§ WHAT IS REQUIRED: Could you retype the entries below exactly, omitting every picture?
-=-=-
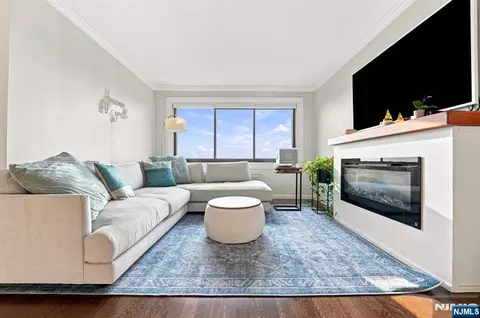 Living - 125 Prospect Ave #18D, Hackensack, NJ 07601 photo 1 of 2
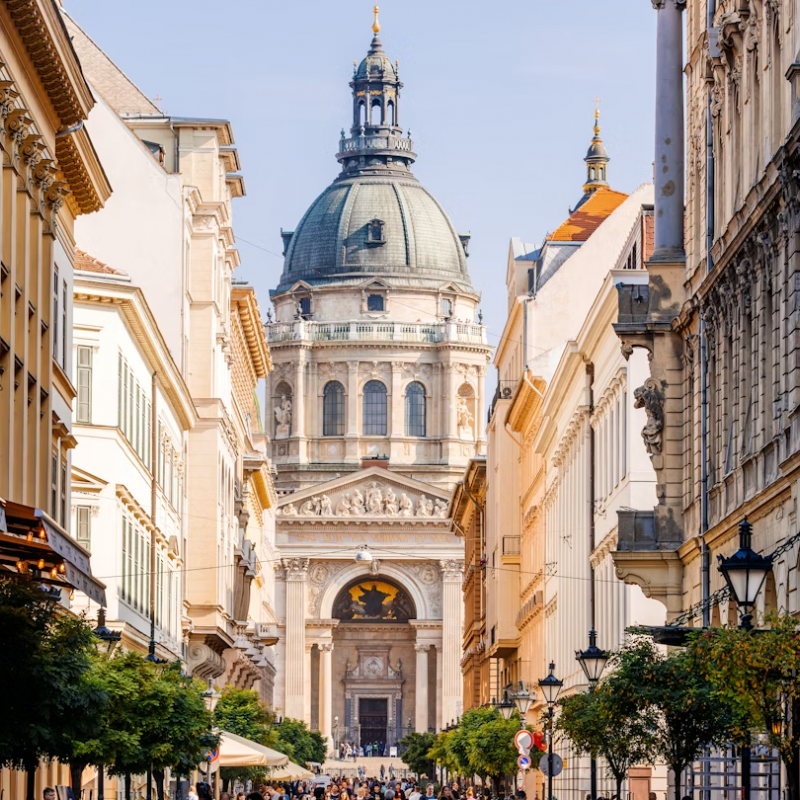 La Basilica di Santo Stefano è solo una delle tante incredibili attrazioni di Budapest © Alexander Spatari / Getty Images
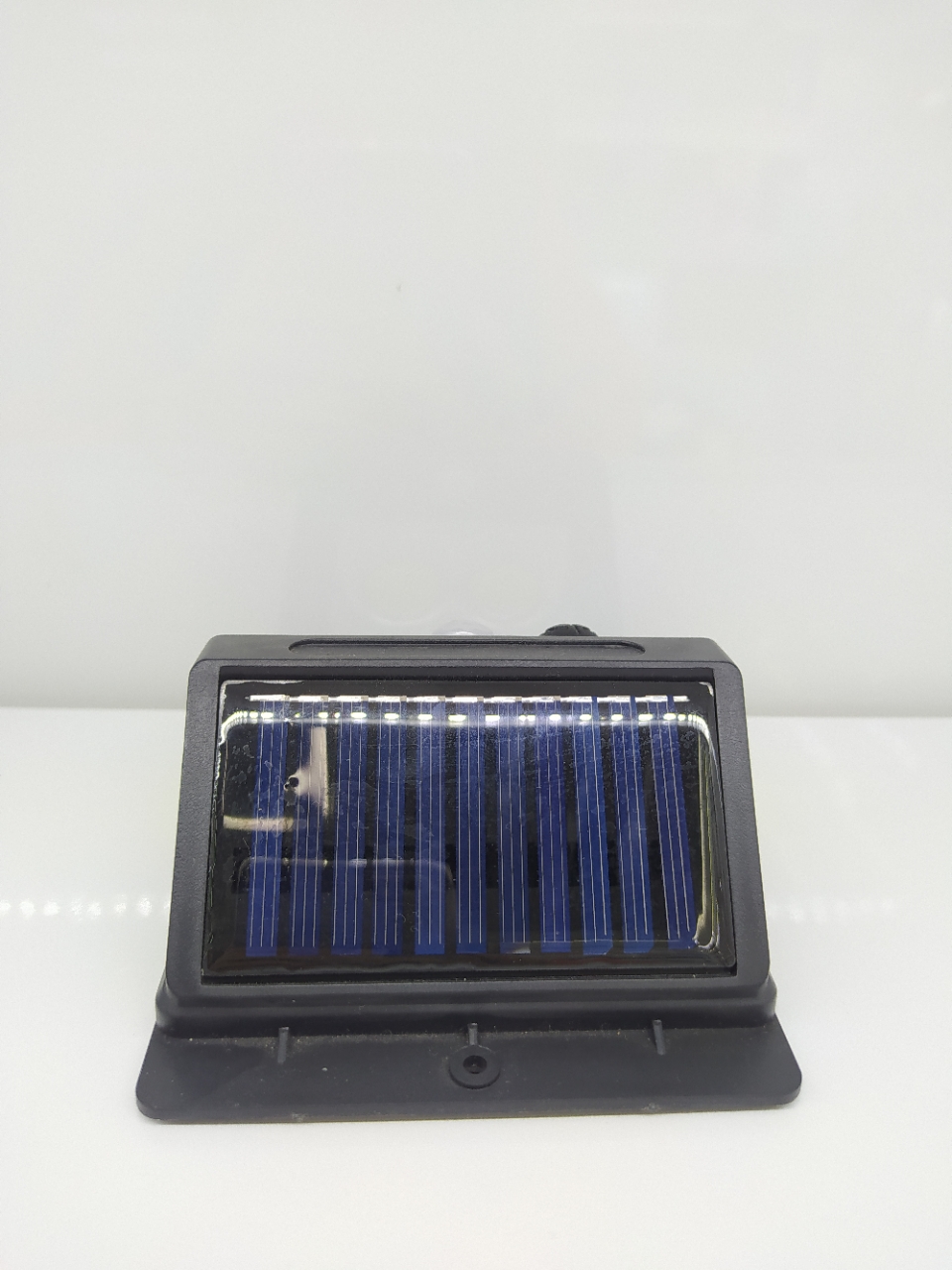 solar wall light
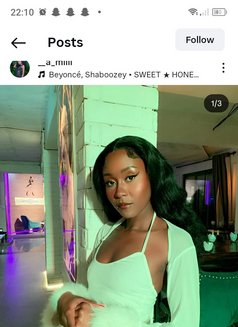 Miley - escort in Nairobi Photo 1 of 6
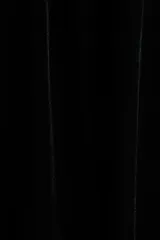 Pantalón de tiro alto de velour negro, de corte recto con pinzas y cintura elástica.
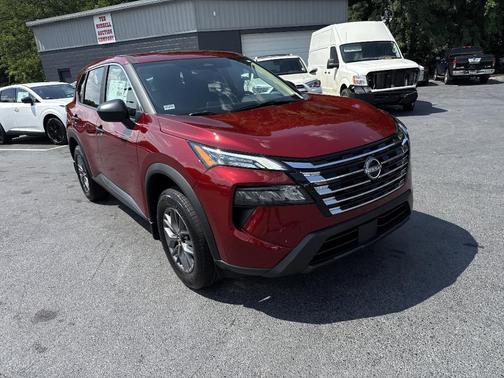 2025 Nissan Rogue S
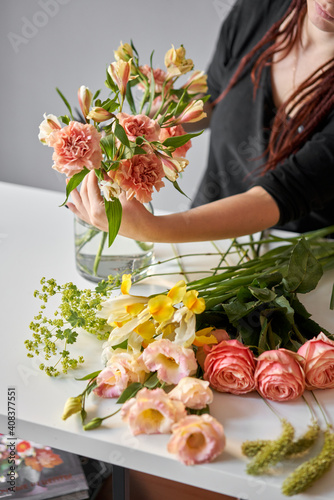 Bouquet 005, step by step installation of flowers in a vase. Flowers bunch, set for home. Fresh cut flowers for decoration home. European floral shop. Delivery fresh cut flower. © malkovkosta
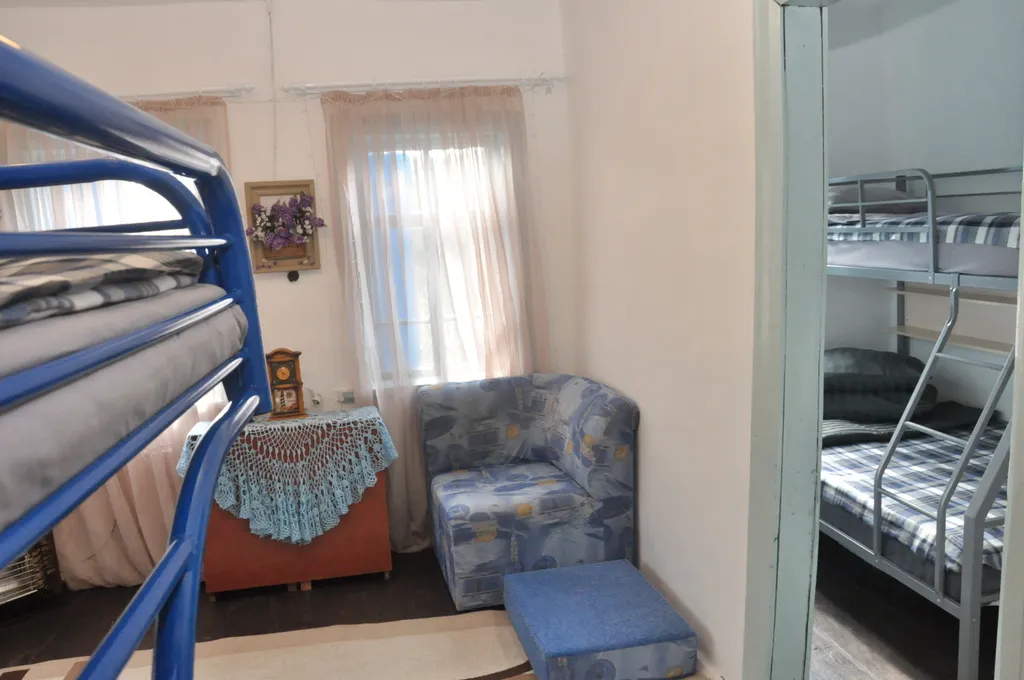 Дом-дача в горах с русской печкой, рядом с речкой и видом на горы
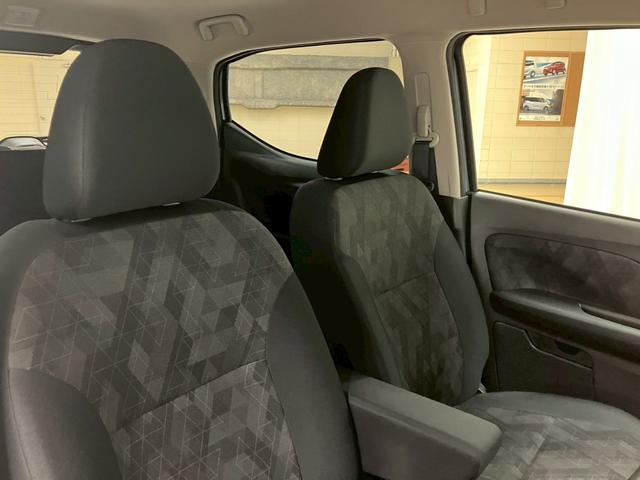 ディーラーならではの安心感、県内最大級２０レーンの自社指定サービス工場完備。熟練のサービススタッフが購入後も長いお付き合いをお客様のお車をサポート致します！【無料通話００７８－６０４２－７７３０】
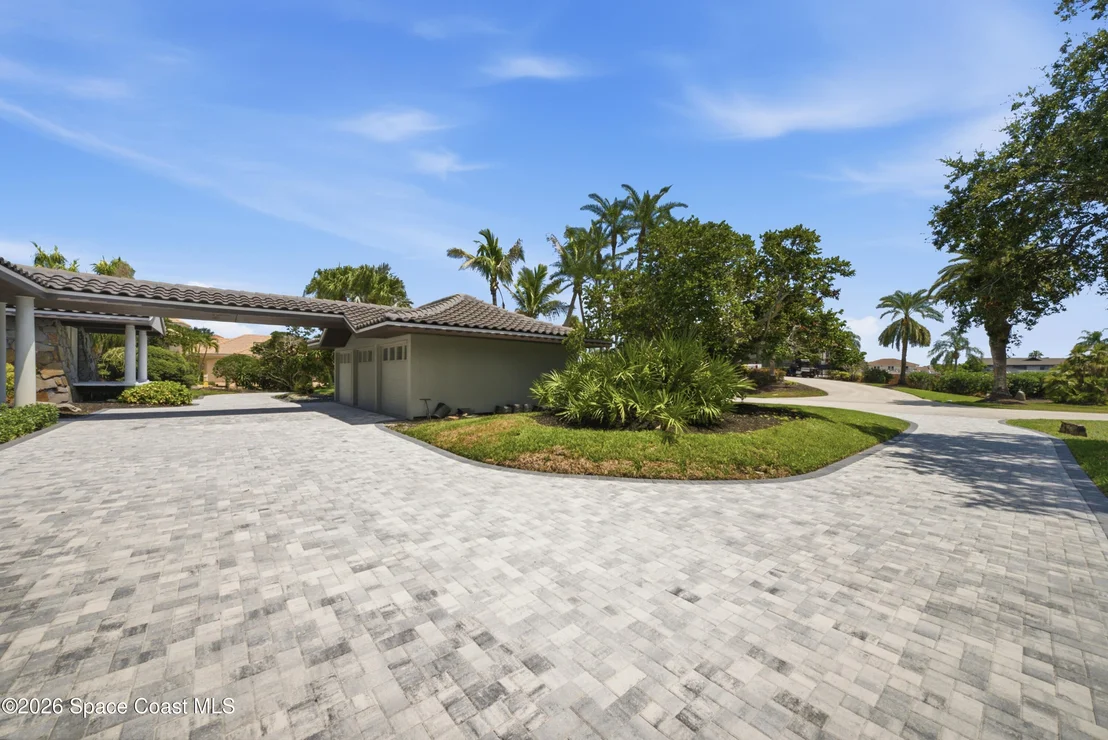Photo of 722 Loggerhead Island Drive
-=-=-
§ SOLUTION FOR THIS PROBLEM:
 Living - 125 Prospect Ave #18D, Hackensack, NJ 07601 photo 1 of 2
 La Basilica di Santo Stefano è solo una delle tante incredibili attrazioni di Budapest © Alexander Spatari / Getty Images
 solar wall light
 Miley - escort in Nairobi Photo 1 of 6
 Pantalón de tiro alto de velour negro, de corte recto con pinzas y cintura elástica.
 2025 Nissan Rogue S
 Bouquet 005, step by step installation of flowers in a vase. Flowers bunch, set for home. Fresh cut flowers for decoration home. European floral shop. Delivery fresh cut flower. © malkovkosta
 Дом-дача в горах с русской печкой, рядом с речкой и видом на горы
 ディーラーならではの安心感、県内最大級２０レーンの自社指定サービス工場完備。熟練のサービススタッフが購入後も長いお付き合いをお客様のお車をサポート致します！【無料通話００７８－６０４２－７７３０】
Photo of 722 Loggerhead Island Drive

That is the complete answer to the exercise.